A resonance calculation using a deterministic statistical geometry (DSTG) method has been developed to efficiently treat the double heterogeneity of coated fuel particles loaded in a high-temperature gas-cooled reactor. Using the DSTG method, neutron flux spatial distribution can be calculated in a heterogeneous geometry containing the randomly dispersed fuel particles and surrounding graphite matrix, which is consistent with statistical geometry in a Monte Carlo method.

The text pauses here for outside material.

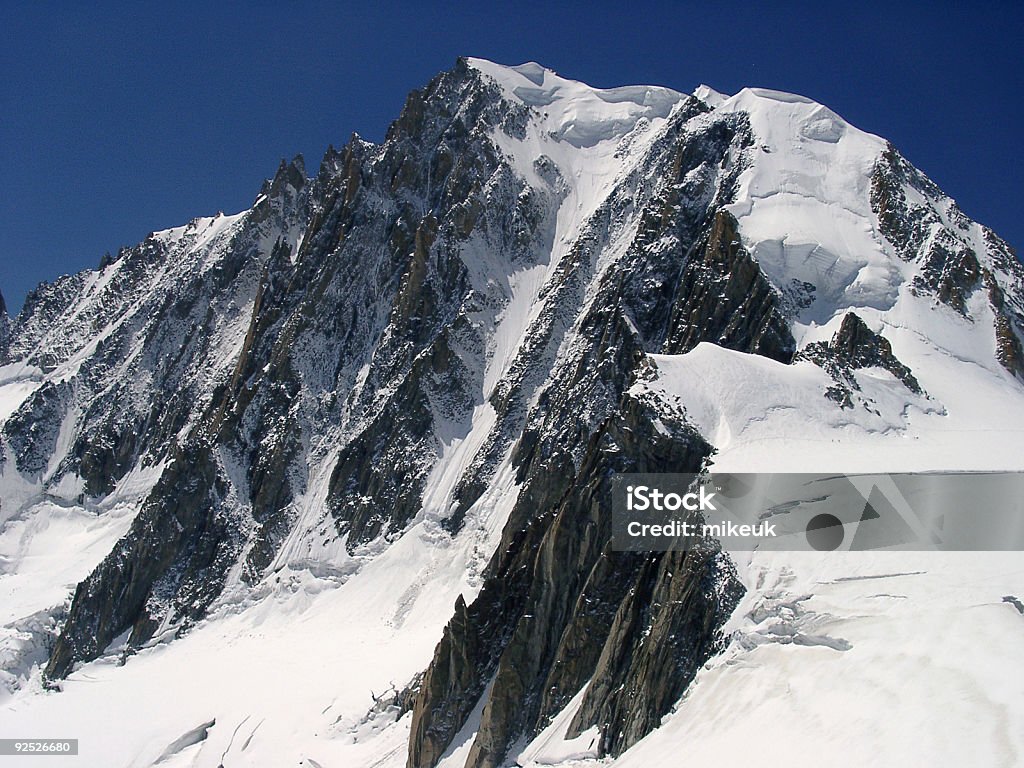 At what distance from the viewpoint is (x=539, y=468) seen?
65.4 metres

We applied the DSTG method to resonance calculations based on the equivalence theory and the ultra-fine-group energy treatment in the heterogeneous transport calculation code GALAXY-Z developed by Mitsubishi Heavy Industries, Ltd. In the GALAXY-Z code, DSTG can directly treat the heterogeneity of dispersed fuel particles in fuel compacts. The ultra-fine-group fixed-source DSTG calculation is applied to a high-energy range beyond 30 eV in which upscattering can be ignored. The fixed-source DSTG calculation is applied to a Dancoff-factor calculation for the equivalence theory in a low-energy range of less than 30 eV. In the low-energy range, the SHEM 361-group structure is applied, and the energy grids are detailed enough to allow a continuous treatment of the neutron spectrum. In other words, the upscattering effects and the resonance self-shielding effects are automatically considered in the multigroup transport calculation. The homogenized and collapsed multigroup cross sections of fuel particles are provided to lattice calculations of fuel elements.

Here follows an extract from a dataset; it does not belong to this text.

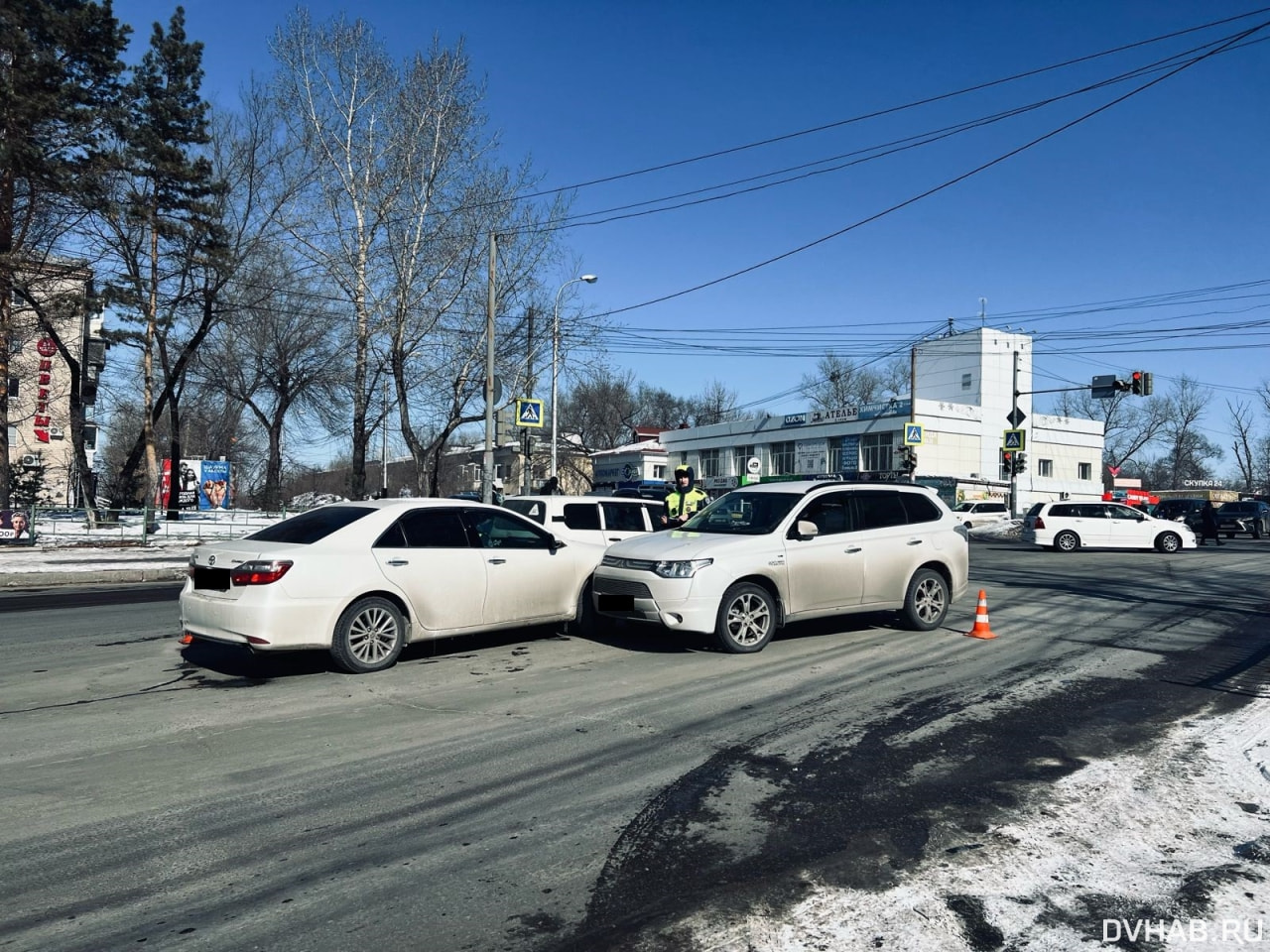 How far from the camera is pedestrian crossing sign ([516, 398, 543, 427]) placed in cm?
2256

The comparison of reaction rates (effective cross sections) between GALAXY-Z and the continuous-energy Monte Carlo code MVP is carried out for fuel particles within a fuel element of the high-temperature engineering test reactor. The numerical results indicate that the present method well reproduces the fuel particle’s effective cross sections, k-infinity, and fission rate distribution calculated by MVP.